綺麗な写真を撮るのが嫌になった話
最近写真について考え直す機会が増えたので自分の記録として書いてみる。
ざっくりとした流れはこう。
・好きな人間に影響されミラーレスPenから始める
・絵が描けなくなり、逃げ道として写真に没頭する
・物か風景ばかりで人は撮れない
・恋人と別れ、その人が撮った自分の写真について考えるようになる
・フィルムで撮り始める。Nikon FM2
・ギャラリーに入り浸り、魂の近い女の子と出会う
・写真にまつわる人々やその子と話すことでポートレートに興味が出る
・その時の恋人に撮られた自分に違和感を感じるようになる
・あの人が撮ってくれた写真のことを再び考えるようになり、別れる
・人と過ごす時間を撮るようになり、展示もするようになる
・ありきたりな日常を撮って残していくことが自分の指針になる
・「綺麗で」「オシャレで」「幸福そうな」写真に違和感を覚える
・写真を“綺麗に”撮ることが嫌になる
・自分が撮った祖父の遺影写真によって写真観が変わる
・労働に忙殺され、写真を撮らなくなる
・摺り変わるように没頭していた二次創作での推しが写真家になる
・推しの考察によって再び写真について考えるようになる
最後の急カーブがすごい。
オタクになった自分はある程度もう一次創作というか純粋な作品づくりからは足を洗った気でいたのだが、そうでもないのかもしれない。最近素直に写真を撮ることが楽しいと思い直せたのは数奇ながらも二次創作のおかげであるが、肩の力を抜いてもう一度写真を始めるのは自分が思っていたより楽しいことなのかもしれない。
最近買った写真集のことを考える。
川内倫子さん。学生の頃もこの人の写真が好きだった。
でも当たり前に“良い写真”すぎて、そしてある種彼女の写真も「綺麗な」写真と言えなくもなくて、(ただもっと本質的なところで命や世界について撮っていることは確かだったけど)その写真に傾倒していくことも少し恥ずかしくなってしまっていた。今思えば自分が未熟だったのだな。

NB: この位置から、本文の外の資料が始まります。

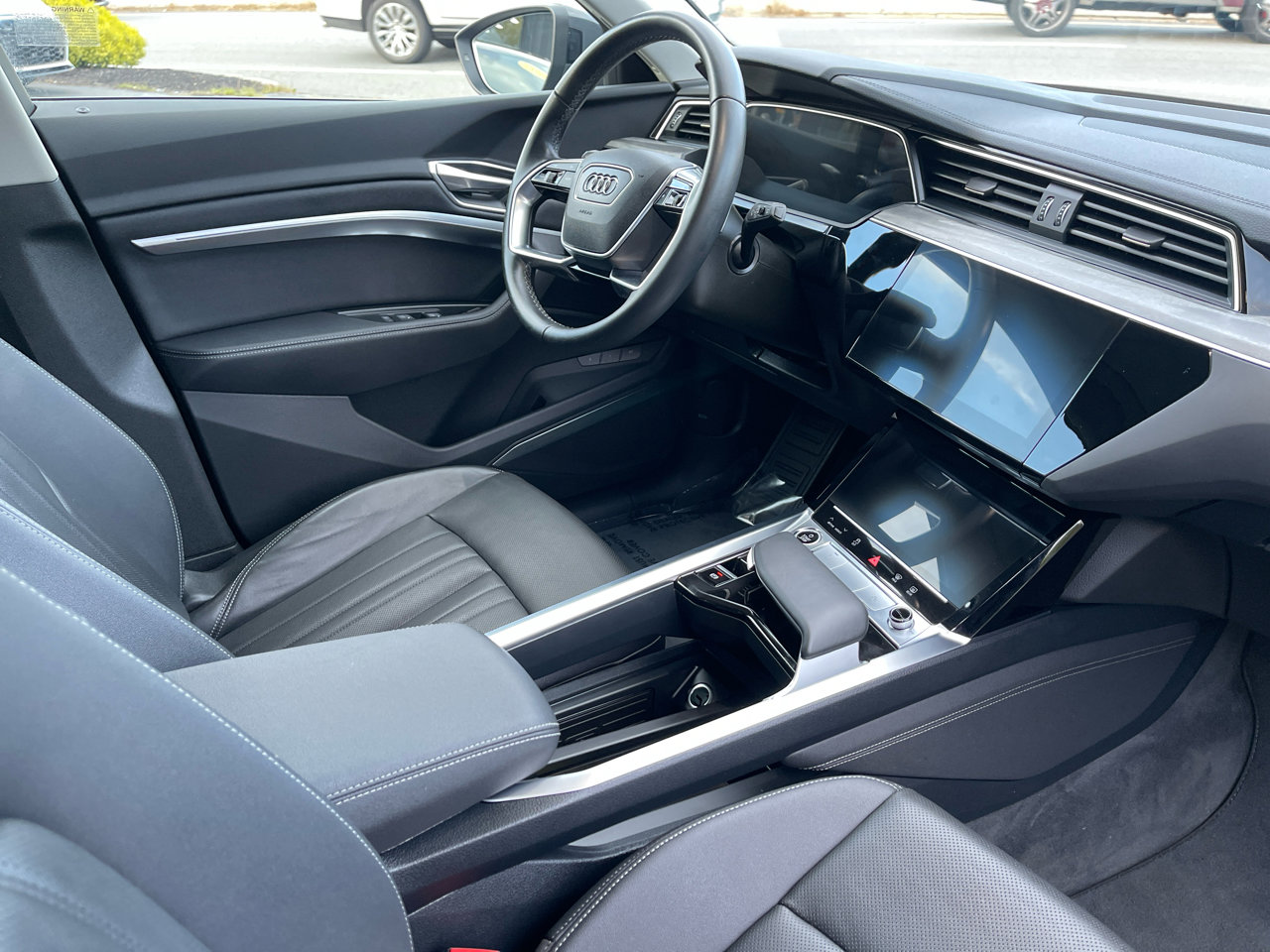 Used 2024 Audi Q8 e-tron Premium Plus w/ Premium Plus Package image 50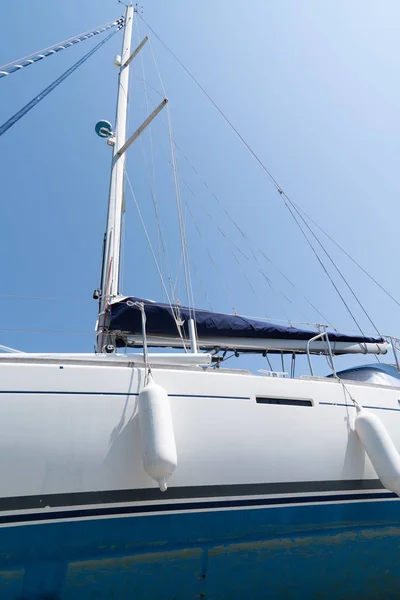 セーリングヨットマストロープと詳細のリギング — ストック写真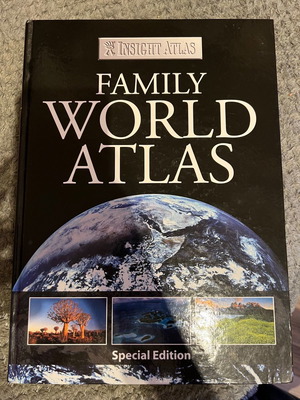 Family World Atlas Special Edition coffee table book like new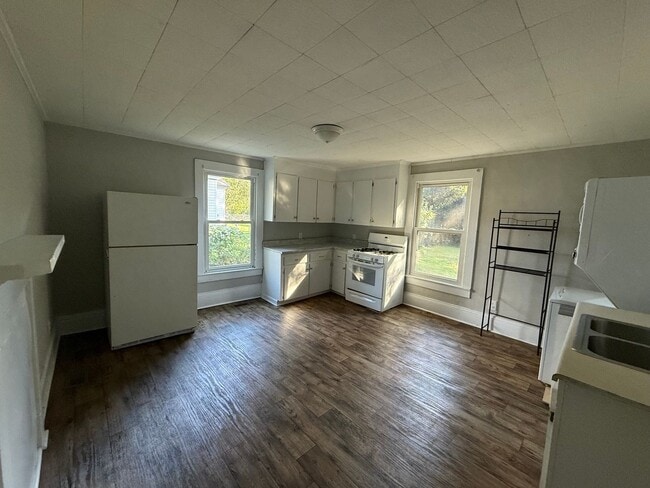 Photo - 202 Magnolia St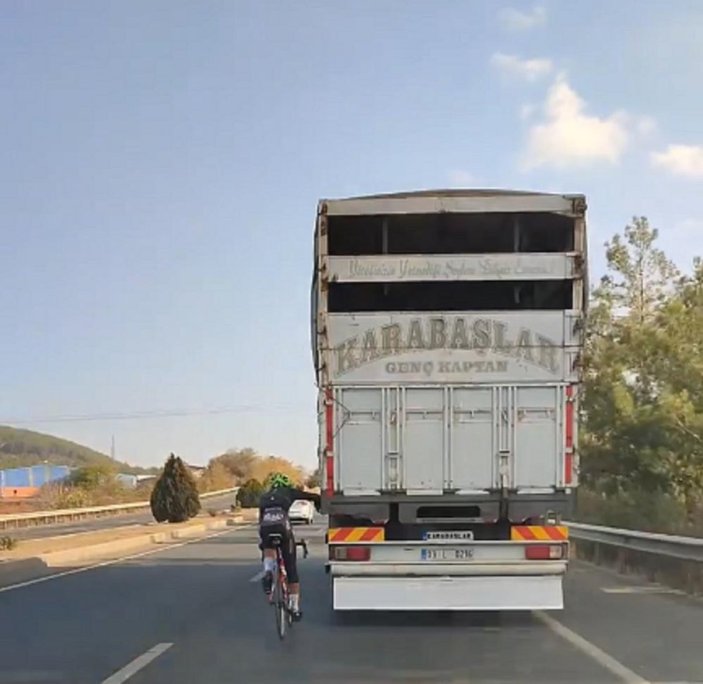 Aydın'da kamyon arkasında tehlikeli yolculuk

そうして数年ぶりに巡り合った彼女の写真集はこの世の光をあつめたもので、それは不鮮明な夜の闇に混じる飛沫のきらめきや、夕方の昏い空に無数に羽ばたく鳥の群れ、鍛冶屋が夜空に放り上げる火の粉、海の波打ち際に淡く溢れる白い転々、そのような光の粒子、抽象的な世界の断片、だった。
これをあの頃の自分が見たらどう思うだろう。やはり「綺麗な」写真と思って嫌悪するだろうか。
この写真集の巻末、ステートメントにはこう書かれている。
銀河系にある小さな星の、さらに小さな生き物たちはきょうもそれぞれの役割をまっとうしている。
太陽の光のなかで。薄い氷の上を歩くようなバランスで。祈るようにして美しいものを探しながら。
それぞれの領域を、幾重にも重なるなにかに守られながら。
美しいものは罪なんだろうか?少なくともあの頃の自分には嘘をついていると思えた。ありきたりな日常を記録したかったから、全てが綺麗だなんて嘘っぱちだろうと憤った。
美しいものを求める人間の根源的な欲求はなんだろうか?
それを今私は否定できるのだろうか?
それと、祖父の遺影写真のことは自分にとって大事なことだから記載しておく。書き直すのが面倒なのでTwitterそのまま引用。
私は大好きな祖父のお葬式で遺影の中の彼と目があったことがある。それは私が撮った写真だった。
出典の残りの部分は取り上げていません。